• [Problem statement]
All of the listing, from first line to last, should be output exactly; the pictures stay out.

• [Data below]

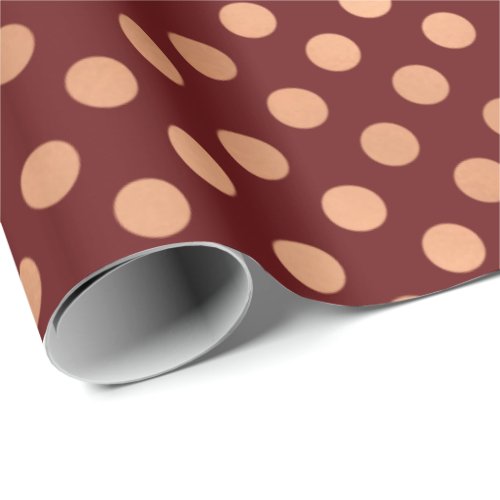 Polka Dots Rose Gold Burgundy Maroon Geometry Wrapping Paper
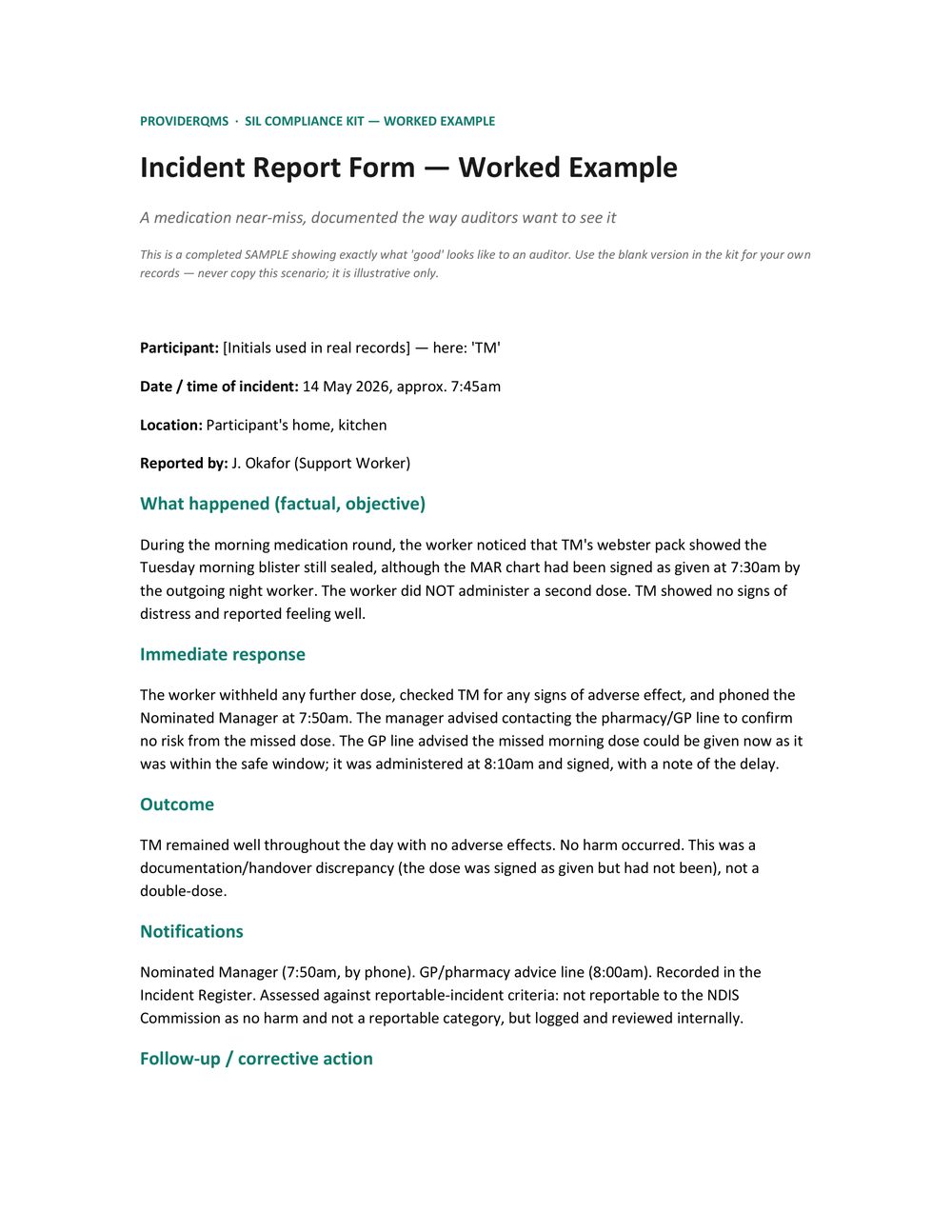 Worked example: an incident report filled in, page 1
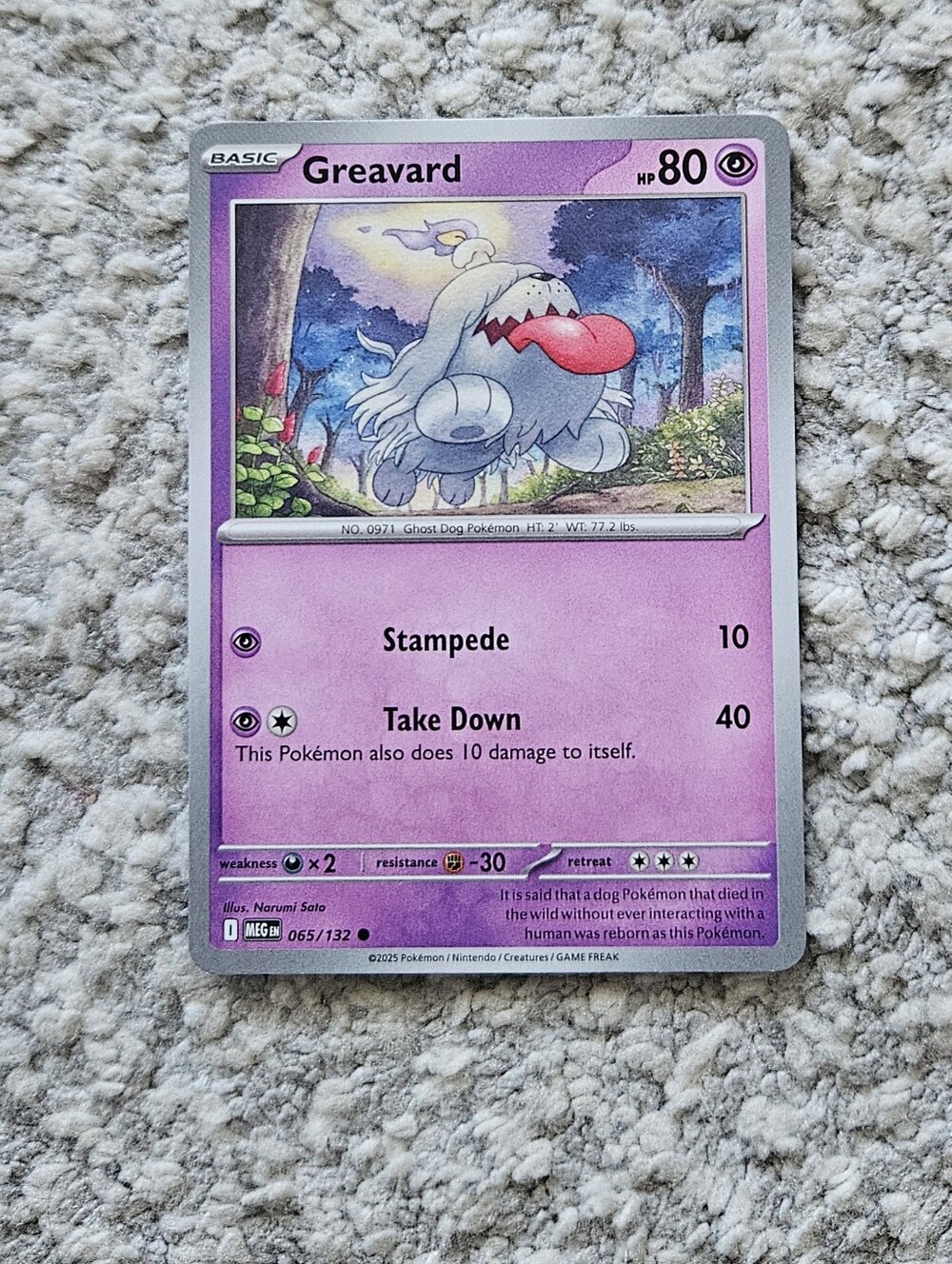 POKEMON TCG Card Greavard Mega Evolution 065/132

• [Result below]
 Polka Dots Rose Gold Burgundy Maroon Geometry Wrapping Paper
 Worked example: an incident report filled in, page 1
 POKEMON TCG Card Greavard Mega Evolution 065/132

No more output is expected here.